U.S. equity futures edged higher in early Thursday trading , while the dollar slumped against a basket of its global peers and Treasury yields eased, as global markets reacted to the potential for tri-lateral talks that could end Russia’s three-year war on Ukraine.

President Donald Trump held phone calls with Russia President Vladimir Putin and Ukraine’s President Volodymyr Zelenskiy yesterday, telling reporters that both leaders are willing to begin discussions to end the conflict that has cost more than a million lives. 

“We expect that he’ll come here, and I’ll go there and we’re going to meet also probably in Saudi Arabia the first time,”  Trump told reporters in Washington of an as-yet confirmed meeting with Putin. “We’ll meet in Saudi Arabia, see if we can get something done.”

The prospect of talks, while vague, triggered a rally in risk assets overnight, pushing the U.S. dollar index 0.33% lower to 107.587 and sparking solid rallies in Japan, Asia and European markets. 

Stocks in the U.S., however, are set for a more muted open following yesterday’s hotter-than-expected January CPI data, which has all but erased bets on a 2025 Federal Reserve rate cut.

WASHINGTON, DC – FEBRUARY 03: U.S. President Donald Trump speaks to reporters in the Oval Office of the White House on February 03, 2025 in Washington, DC. After signing a series of executive orders and proclamations, Trump spoke to reporters about a range of topics including recent negotiations with Mexico on tarriffs. (Photo by Anna Moneymaker/Getty Images)

Anna Moneymaker/Getty Images

Heading inflation rose to the highest monthly level since August of 2023, with core reading also rising amid soaring shelter, insurance and used car prices. 

The Commerce Department will publish its January estimate of producer price inflation at 8:30 am Eastern time, with economists focused on components of the reading that feed into the Fed’s preferred PCE inflation gauge, which will be released later this month. 

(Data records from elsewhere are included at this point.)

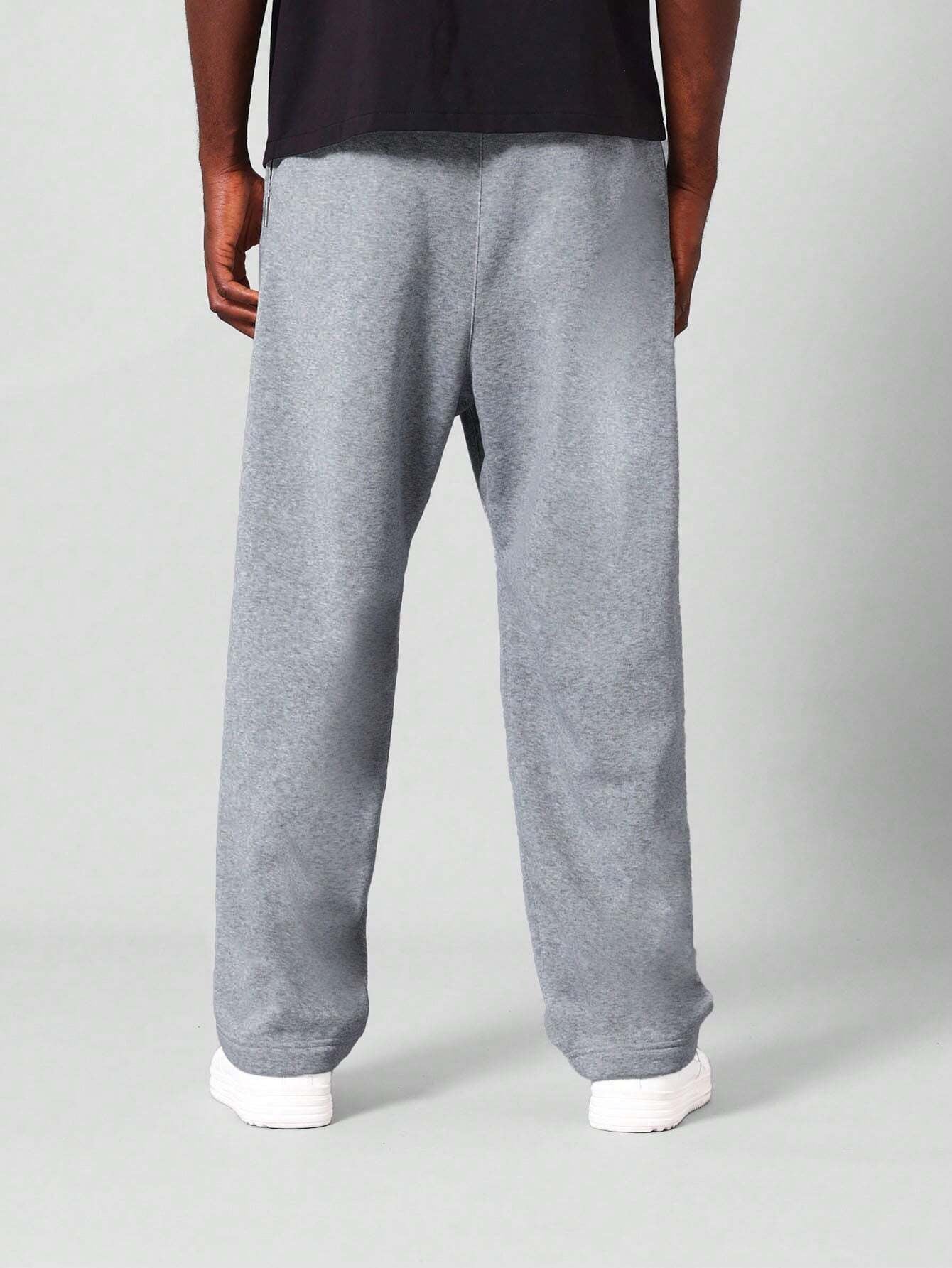 Calça SUMWON Jogger Essencial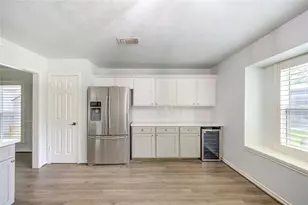 3526 Pecan Point Dr, Sugar Land, TX 77478 - Photo 11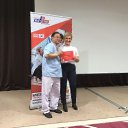 ���� ������, ������ - ��������� 30 ������� 2017 � ������ ���� ����������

Benchmark 2-year Treasury bond yields were last trading at 4.342%, down 2 basis points from last night’s close, ahead of today’s PPI reading and the Labor Department’s weekly jobless claims data.

Related: CPI inflation shock hammers Fed rate cut bets for 2025

A market inflation gauge, meanwhile, which tracks the difference between 2-year inflation-protected bonds and benchmark 2-year notes, rose to the highest levels since the summer of 2022 in overnight trading.

Investors are also focused on the potential for an announcement of new ‘reciprocal’ tariffs on goods from nations that charge duties on U.S. exports, which could come from the White House later today following a visit from India Prime Minister Narendra Modi.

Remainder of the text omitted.